[Short web captions]
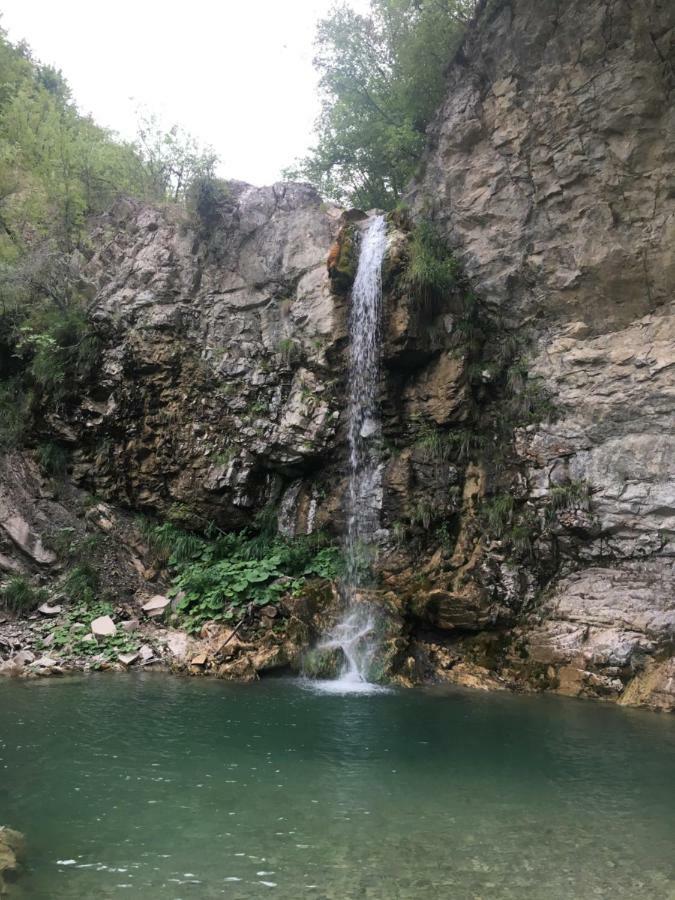 La Vera Pace Cabella Ligure Dış mekan fotoğraf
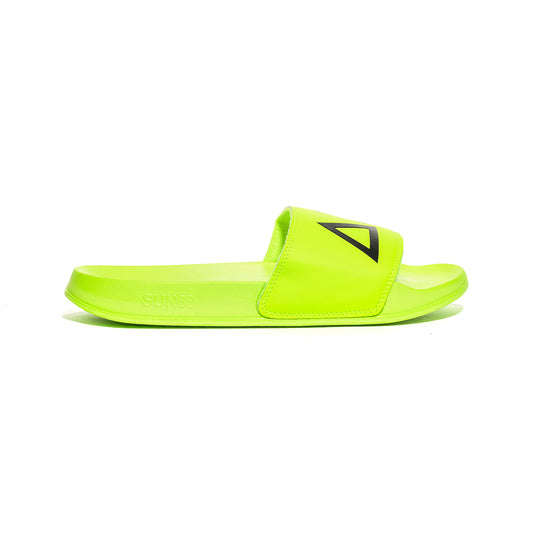 SUN 68 CPX34103 GIALLO FLUO Ciabatte Uomo 
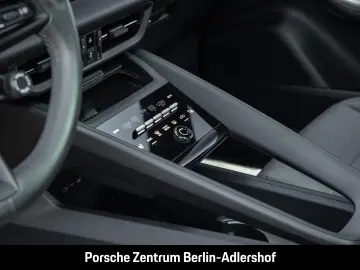 PORSCHE Macan 4 HA-Lenkung Surround-View Luftfederung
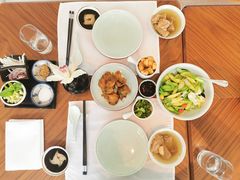 -北京柏悦酒店·锦庭餐厅Dining Room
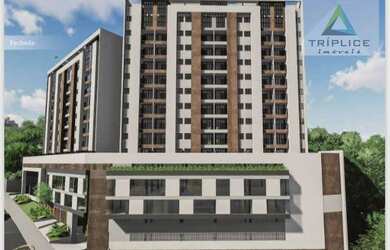 Imagem: O apartamento na cobertura à venda possui 2 Dormitórios, 2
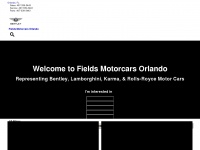 fieldsmotorcarsorlando.com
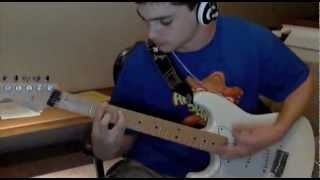 Virgin - Manchester Orchestra (Guitar Cover)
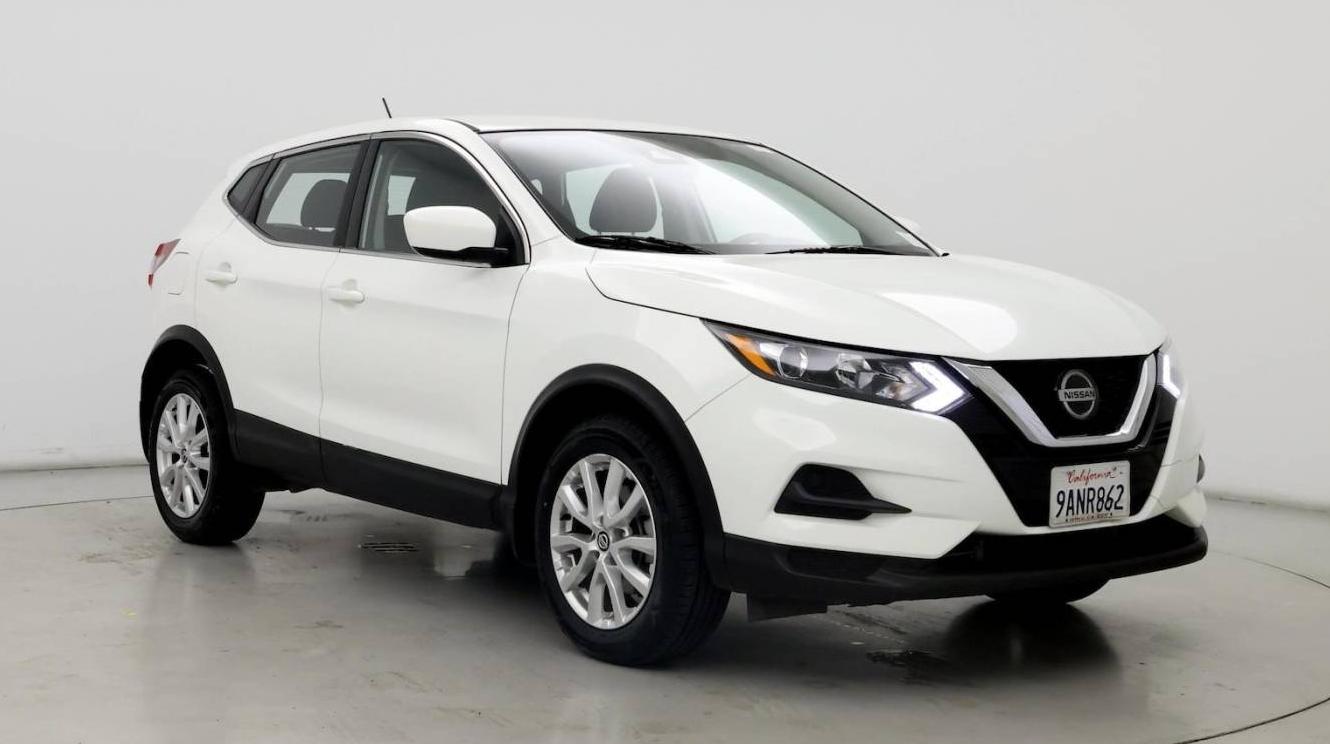 NISSAN ROGUE SPORT 2022 JN1BJ1AW2NW473212 image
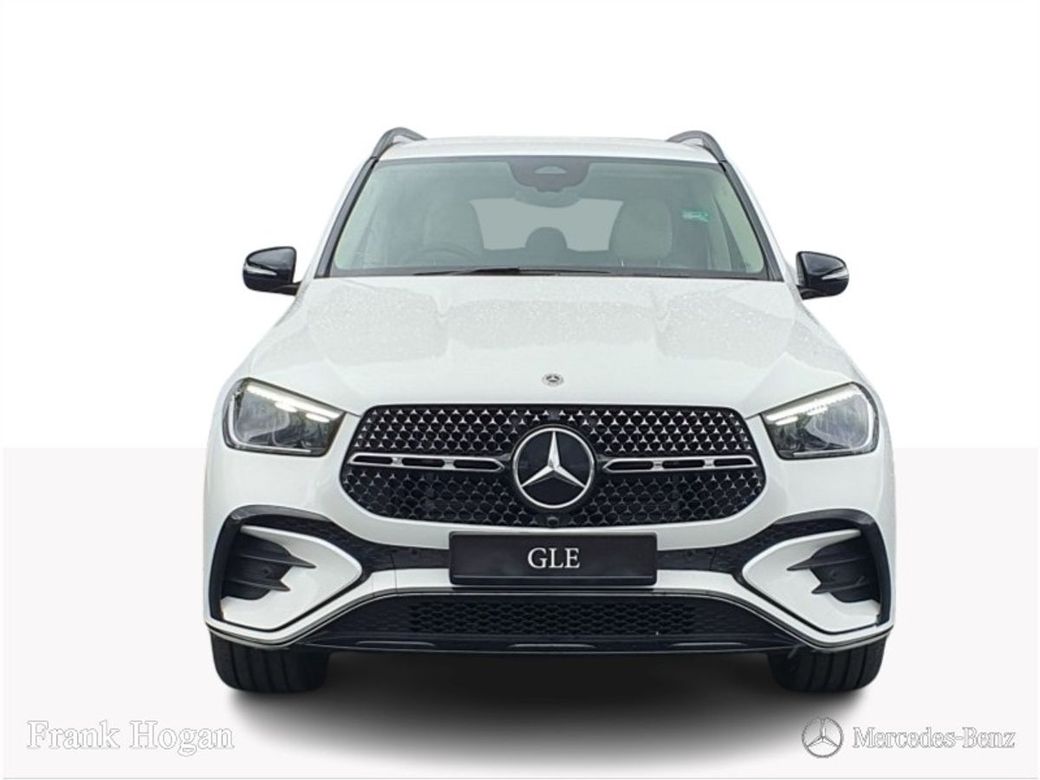 2026 Mercedes-Benz GLE Class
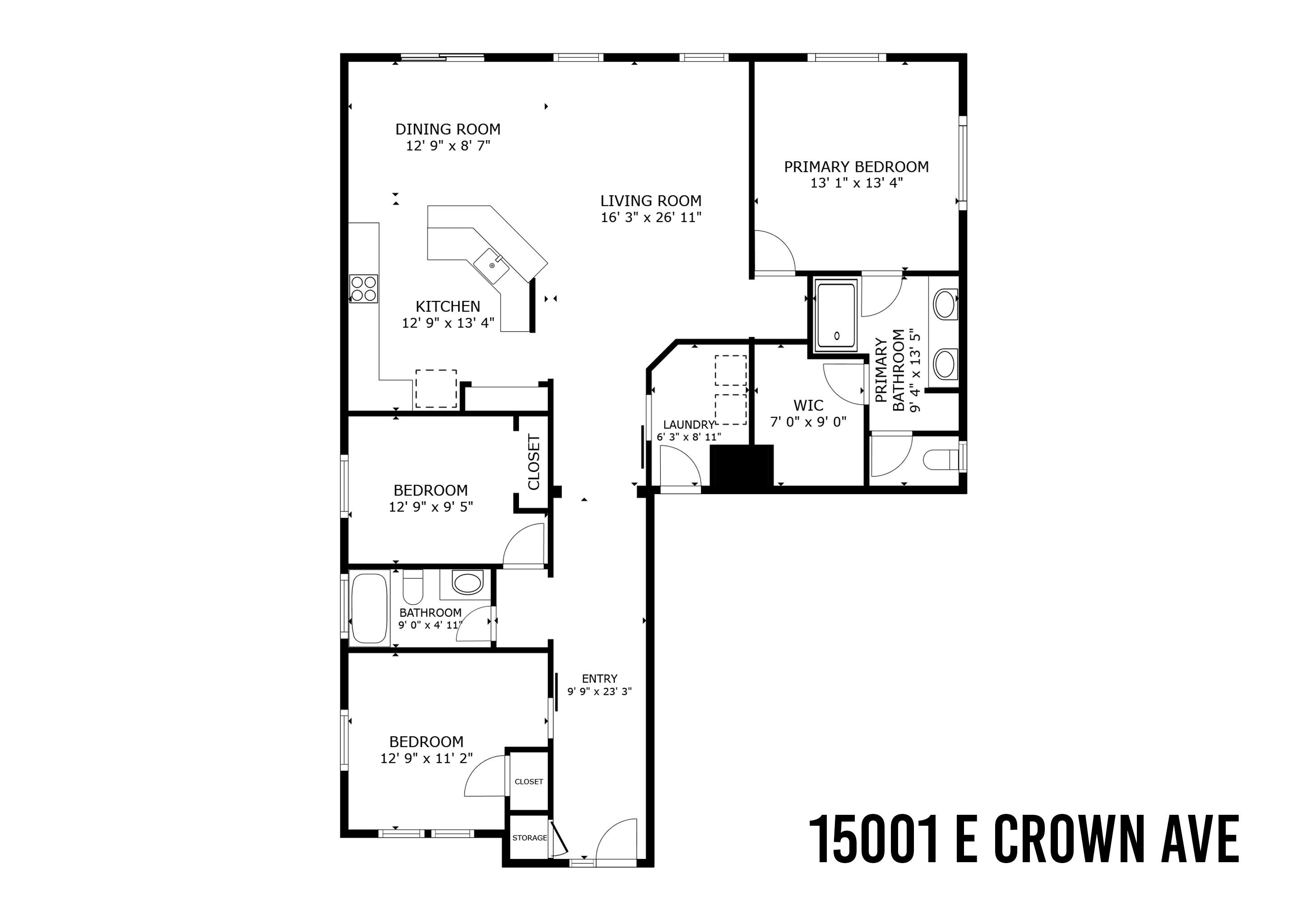 15001 E Crown Ave - Photo 26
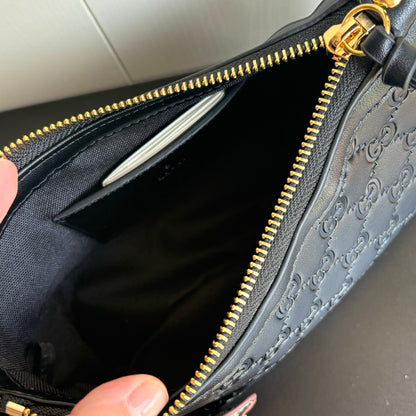 GUCCI SMALL GG EMBLEM SHOULDER - 1:1 HIGH END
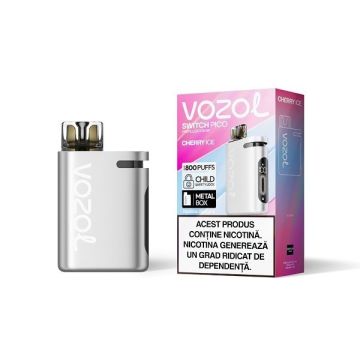 Kit Vozol Switch Pico 800 - Cherry ICE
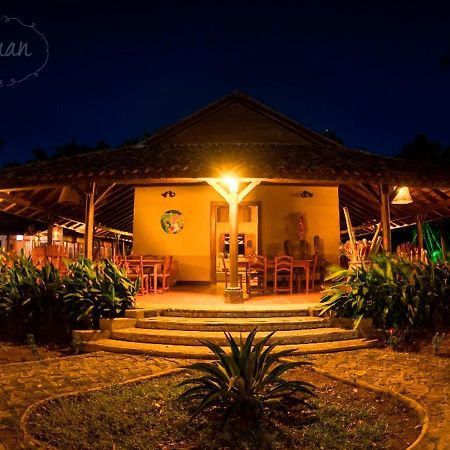 Hotel San Juan Ometepe Альтаграсия Экстерьер фото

(Work required)
Your task is to return every entry exactly as it was written, with the pictures removed.

(Answer section)
 La Vera Pace Cabella Ligure Dış mekan fotoğraf
 SUN 68 CPX34103 GIALLO FLUO Ciabatte Uomo 
 PORSCHE Macan 4 HA-Lenkung Surround-View Luftfederung
 -北京柏悦酒店·锦庭餐厅Dining Room
 Imagem: O apartamento na cobertura à venda possui 2 Dormitórios, 2
 fieldsmotorcarsorlando.com
 Virgin - Manchester Orchestra (Guitar Cover)
 NISSAN ROGUE SPORT 2022 JN1BJ1AW2NW473212 image
 2026 Mercedes-Benz GLE Class
 15001 E Crown Ave - Photo 26
 GUCCI SMALL GG EMBLEM SHOULDER - 1:1 HIGH END
 Kit Vozol Switch Pico 800 - Cherry ICE
 Hotel San Juan Ometepe Альтаграсия Экстерьер фото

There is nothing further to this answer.